La CRE propose également la création, par exemple, d’un « compartiment » de marché de gros à long terme qui s’amortisse sur le long terme et qui ne soit pas dépendant des énergies fossiles.

Nous devons développer des mécanismes de marché qui permettent aux fournisseurs d’acheter à long terme. Cela permettra le développement d’offres qui favoriseront la visibilité des clients et la stabilité des prix.

De cette façon, nous pourrions imaginer un prix de l’électricité plus proche des véritables coûts de production du nucléaire et des énergies renouvelables, et donc moins volatil.

Le prix marginal du marché de gros ne servirait plus qu’à faire du bouclage à la marge, alors qu’il couvre, en ce moment, toute la partie qui n’est pas couverte par l’ARENH. 

Enfin, il faut conserver de la concurrence sur le marché de détail. En complément du tarif réglementé de vente, cela permet des contrats à prix fixe sur le long terme, et une diversité d’offres de service adaptée aux besoins des consommateurs.

En parallèle, il faut être plus strict sur les obligations de couvertures des fournisseurs, quitte à sévir et bannir du marché ceux qui ne respectent pas les règles.

Ce besoin de réforme n’appelle-t-il pas également une accélération des projets d’interconnexions énergétiques en cours et la relance de ceux qui sont à l’arrêt, comme les projets entre la France et l’Espagne d’interconnexion électrique dit Golfe de Gascogne et gazière dit MidCat ?

Sur le projet Golfe de Gascogne, nous n’avons pas expertisé de besoins d’accélérations des travaux, car nous n’avons reçu aucune demande des opérateurs. Le projet suit donc son cours.

Concernant le projet MidCat, la CRE et son homologue espagnol [Comisión nacional de los mercados y la competencia – CNMC] ont considéré en 2019 que le projet n’était pas à l’équilibre économique. 

Avec la crise énergétique actuelle, les gestionnaires de réseau français qui étaient impliqués dans le projet, Teréga et GRTgaz, nous ont fait part de l’intérêt de relancer le projet. Avec mon homologue espagnole, Cani Fernandez Vicien, nous sommes donc prêts à l’étudier, si nous recevons un dossier, ce qui n’est, pour le moment, pas le cas. 

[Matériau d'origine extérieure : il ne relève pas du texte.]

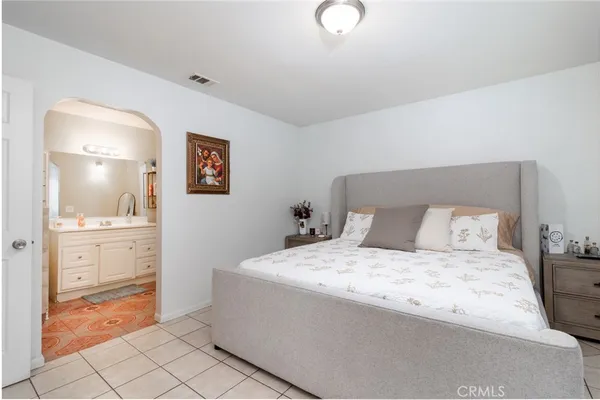 a spacious bedroom with a bed and cabinets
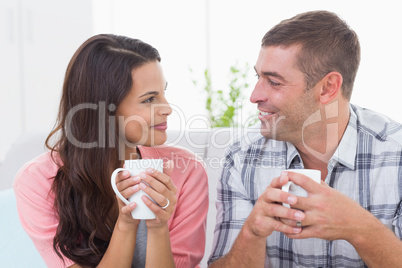 Couple looking at each other while having coffee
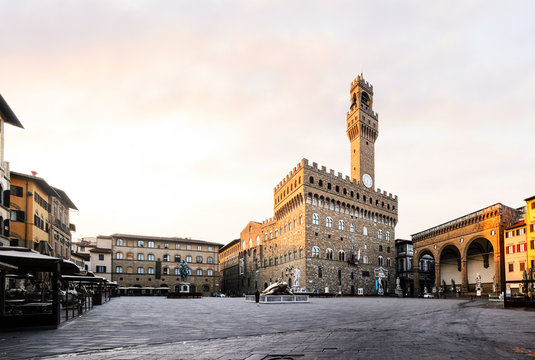 FLORENCE, ITALY - JUNE 23, 2016: Panoramic view of Signoria square with Searching for Utopia monument of the golden turtle by Jan Fabre. Empty morning view without tourists. Piazza della Signoria
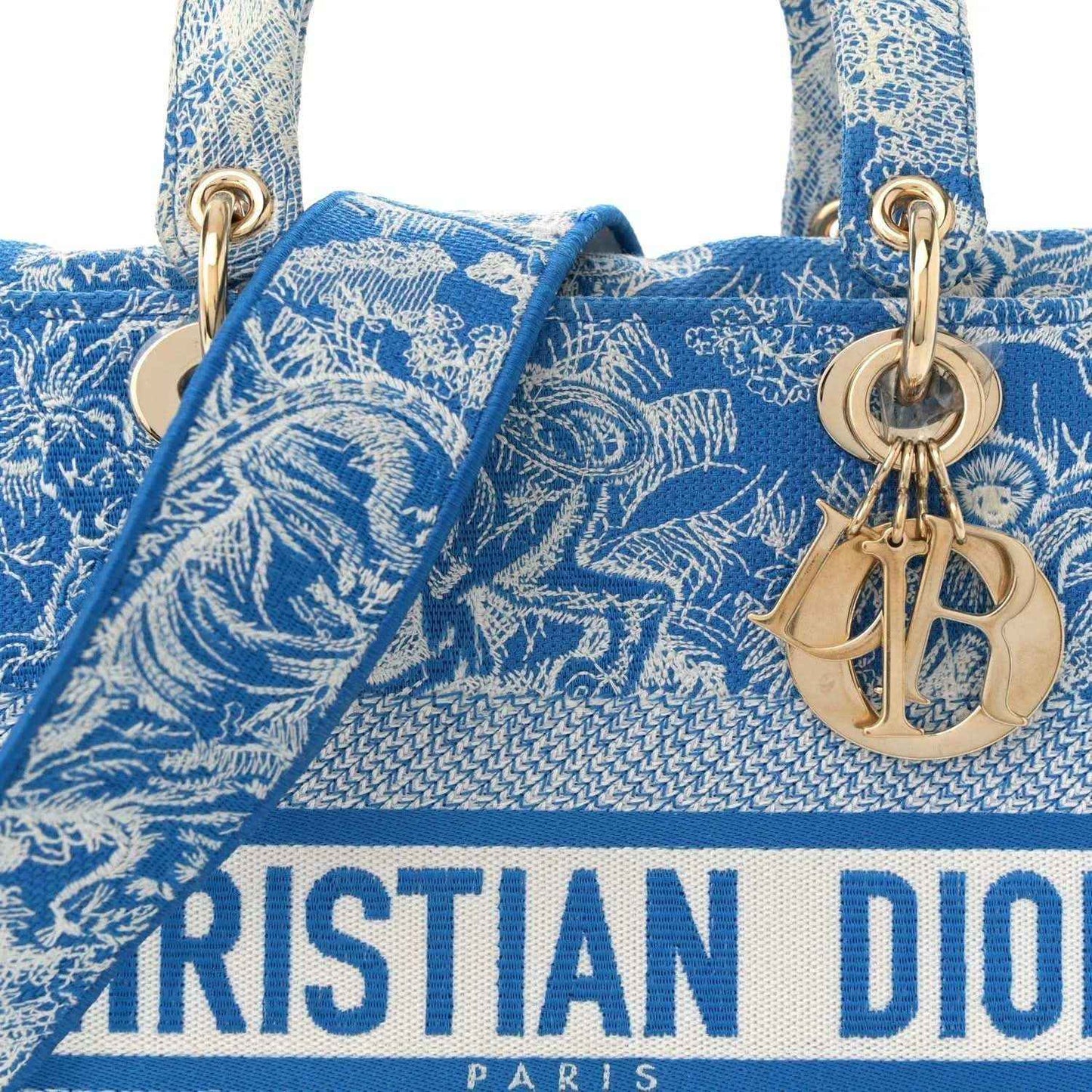 Blue embroidered tote bag close-up with Dior-Paris logo and gold charm hardware.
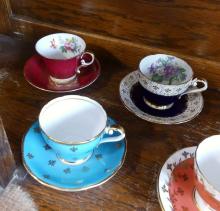 SEVEN AYNSLEY CUPS AND SAUCERS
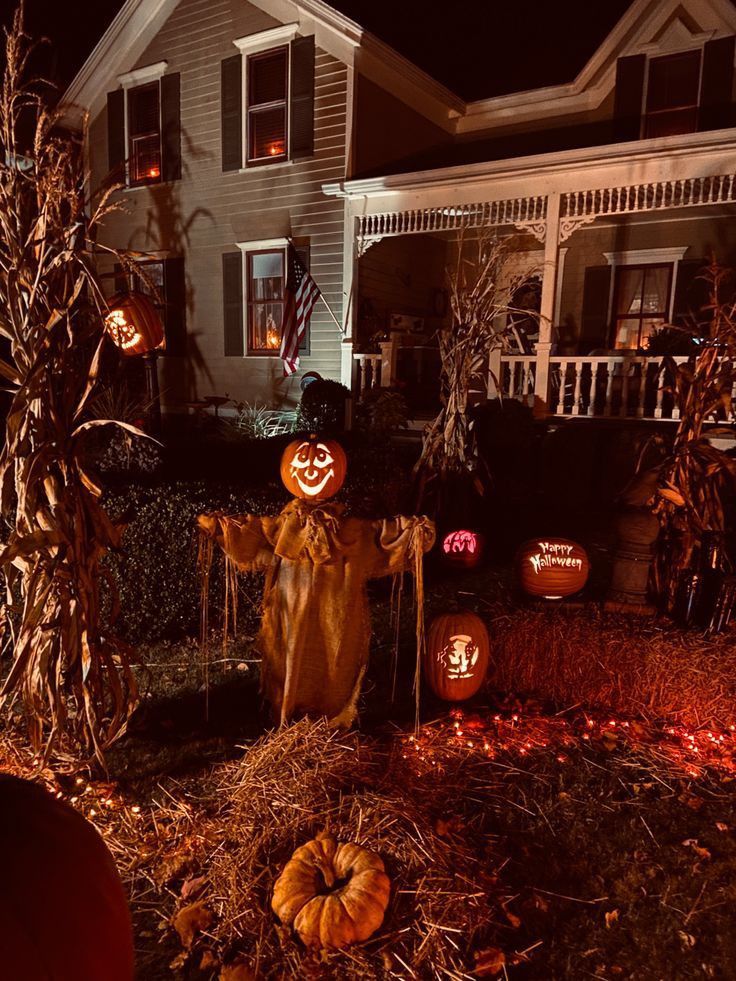 halloween decorations in front of a house at night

Les parlementaires européens viennent justement de voter (5 octobre) une résolution qui demanderait, entre les lignes, la relance du projet MidCat. L’Allemagne, l’Espagne et le Portugal mettent également la pression sur la France depuis la fin du mois d’août. 

Avec ce projet, il ne faut pas mélanger l’éventualité d’un besoin supplémentaire d’interconnexion gazière, et l’idée à plus long terme d’un projet d’hydrogène pan-européen. 

Si l’enjeu est l’hydrogène, alors nous ne sommes pas pressés. 

Si la question est de savoir si nous avons besoin d’un nouveau gazoduc, nous pensons plutôt, et sans préjuger des suites de la guerre en Ukraine, que le temps nécessaire à la relance du projet dépassera celui de la crise énergétique.

Que ce soit en matière d’interconnexions intra-européennes ou de développement d’infrastructures d’énergies renouvelables, la France est souvent pointée du doigt pour sa lenteur administrative. 

Le fait que presque tous les projets d’énergies renouvelables sont attaqués en justice explique en grande partie pourquoi la France est plus longue que ses voisins européens. 

Selon nos sources, la lenteur viendrait plutôt de la réduction des budgets et des effectifs en charge des procédures. 

Je ne pense pas que ce soit un problème d’effectifs. Certes, les autorisations sont longues, mais je pense que la cause est à rechercher dans les procédures plutôt que dans les délais d’instruction, en simplifiant, mutualisant, voire en anticipant certaines étapes. 

C’est l’objectif du projet de loi en faveur de l’accélération des énergies renouvelables qui sera discuté au Sénat à la fin du mois. 

Des porteurs de projet ont également relevé que le formalisme strict de certaines administrations locales ou décentralisées pouvait également jouer sur le temps de développement d’un projet renouvelable, voire sur sa réalisation.